Most TV programs are crap, reflecting the fact that TV programming is designed primarily to keep advertisers happy or, in the case of the ABC, to reproduce the values of Australian nationalism. In this blog I try to sort out the wheat from the chaff. If you know of programs coming up that you think a left-wing audience would be interested in hearing about please contact me, Tom Bramble, at tombram@gmail.com. Please "follow" this blog by inserting your email in the box below to the right if you'd like to be sure of getting posts in your email inbox, and tell your friends about this blog (or "share" it on Facebook) if you think they'd like to read it too.

Saturday, November 26, 2011

Tom's TV picks, week beginning 27 November

by Tom Bramble on Saturday, 26 November 2011 at 19:39
 
Two things worth watching on Sunday night.

8.30pm on SBS1: The Promise: part 1 of a new series. Here's the blurb that outlines the basic story: "Just as 18-year-old Londoner Erin sets off to spend summer in Israel with her best friend, Eliza, she unearths an old diary belonging to her sick grandfather, Len. Intrigued by the life of this old man she barely knows, she takes the diary with her and is stunned to learn of his part in the post-WWII British peacekeeping force in what was then Palestine. Left to her own devices when Eliza begins national service in the Israeli army, Erin witnesses the complexities of life, for both Jews and Arabs, in this troubled land."

So, shades of Ken Loach's "Land and Freedom" in the basic plot device. The plus points: the series shows how Israel was born in violence and how that violence is maintained today. For those who don't know much about the Israeli colonial project it will be quite an eye-opener. And the Zionists hate it, which is always a good recommendation. Wikipedia records that: "A press attaché at the Israeli embassy in London condemned the drama to The Jewish Chronicle as the worst example of anti-Israel propaganda he had ever seen on television, saying it "created a new category of hostility towards Israel"".

The downside: it's a British production and seriously underplays the role of the British in facilitating the Zionist project in the 1930s and 1940s - quite an historical distortion in that respect. And, as the blurb suggests, despite the ranting of the Zionists, it does at times tie itself in knots trying to present a "balanced" view. But it gets better as the series progresses, the compulsory romantic interlude notwithstanding.

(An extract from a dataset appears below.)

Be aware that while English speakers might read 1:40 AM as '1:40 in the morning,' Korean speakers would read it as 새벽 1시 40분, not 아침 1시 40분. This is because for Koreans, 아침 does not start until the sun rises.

12.10am on SBS1: Ae Fond Kiss: speaking of Ken Loach, any Loach film, even a bad one, is better than most. And this is by no means bad. Indeed, it's rather good: "Sparks fly in Glasgow's south side when Casim, a young Muslim, falls in love with Roisin, an Irish Catholic. Casim's parents try their hardest to make him marry the girl they have chosen for him back in Pakistan, but Casim and Roisin are devoted to each other and determined to stay together." A small-scale, intimate film that shows decent people trying to overcome family prejudices that in turn are born out of the wider crucible of colonialism and racism. Even though one barracks for the couple, you are also invited to understand why it is that the Pakistani family are so set against their son marrying "out" of the community. 

Wednesday 9pm on ABC1: The Thick of It: The best political satire on TV in an extended one-hour special. Pitch black comedy.

On Friday night there are two programmes both worth watching and both at 9.30pm:

ABC2 is screening Fear of a Brown Planet: 75 minutes of incisive comedy which skewers racism in Australia, while SBS2 is showing The Rising: Ballad of Mangal Pandey a film featuring the hero of the Indian revolt of 1857 who leads his men in a courageous fight against the corrupt and exploitative East India Company. This is British colonialism as it really was: "dripping from head to foot, from every pore, with blood and dirt", as Karl Marx described the rise of capitalism.